▸ **Task data**:
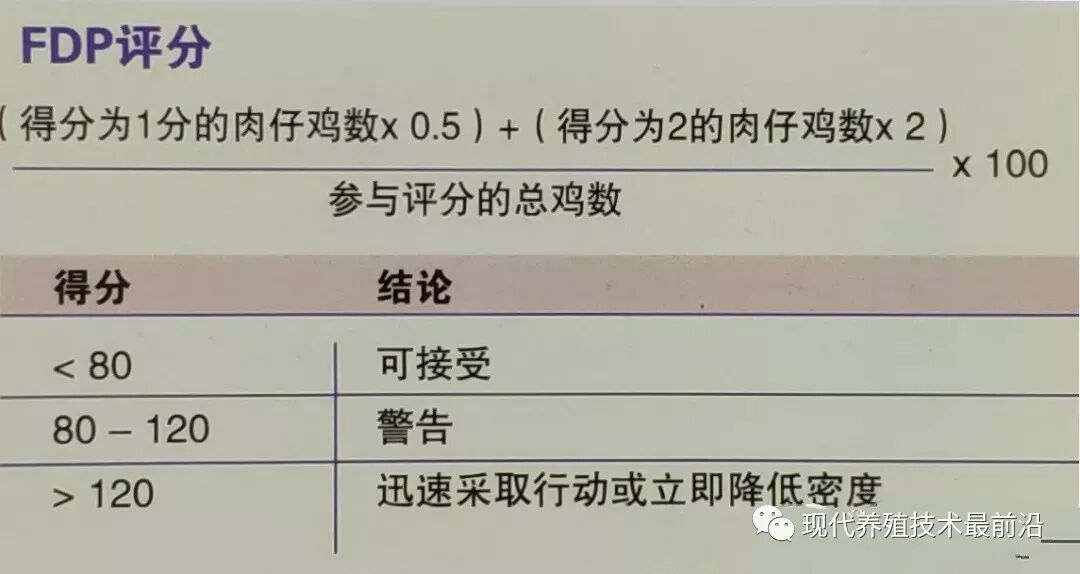 qw14.jpg
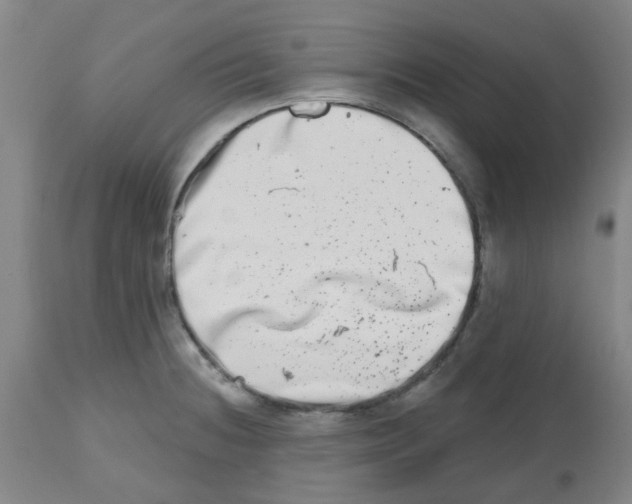 X0000112481236200909281101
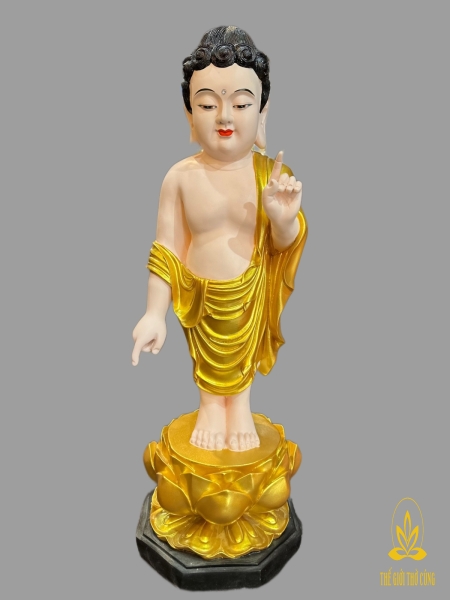 Đản Sanh poly chỉ tay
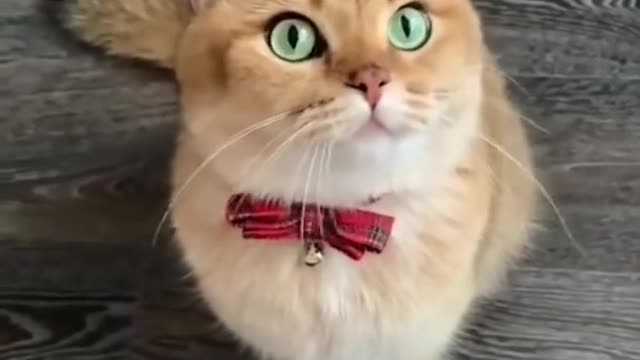 Cute Ketty funny 🤣 video 😂 / cat funny video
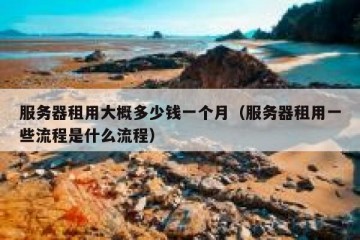 服务器租用大概多少钱一个月（服务器租用一些流程是什么流程）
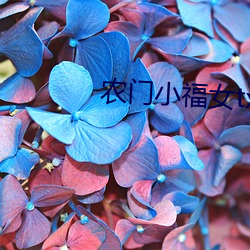 农门小福女txt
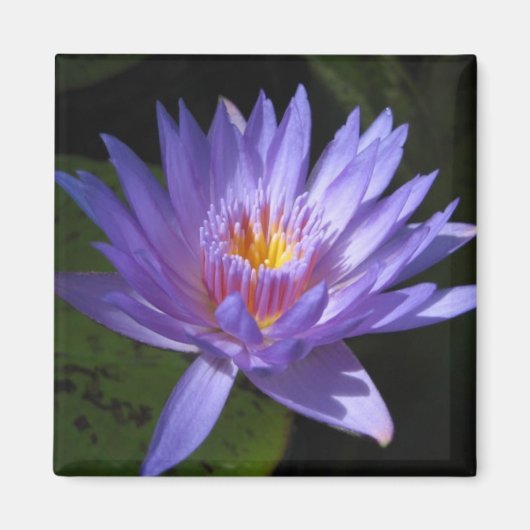 ラウラフラーゼ マグネット (正面)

▸ **Exercise instructions**:
Pictures are to be omitted from the copy. Reproduce exactly, and only, the lines from the one containing "Đản Sanh poly chỉ tay" to the end of the listing above.

▸ **Response for this exercise**:
 Đản Sanh poly chỉ tay
 Cute Ketty funny 🤣 video 😂 / cat funny video
 服务器租用大概多少钱一个月（服务器租用一些流程是什么流程）
 农门小福女txt
 ラウラフラーゼ マグネット (正面)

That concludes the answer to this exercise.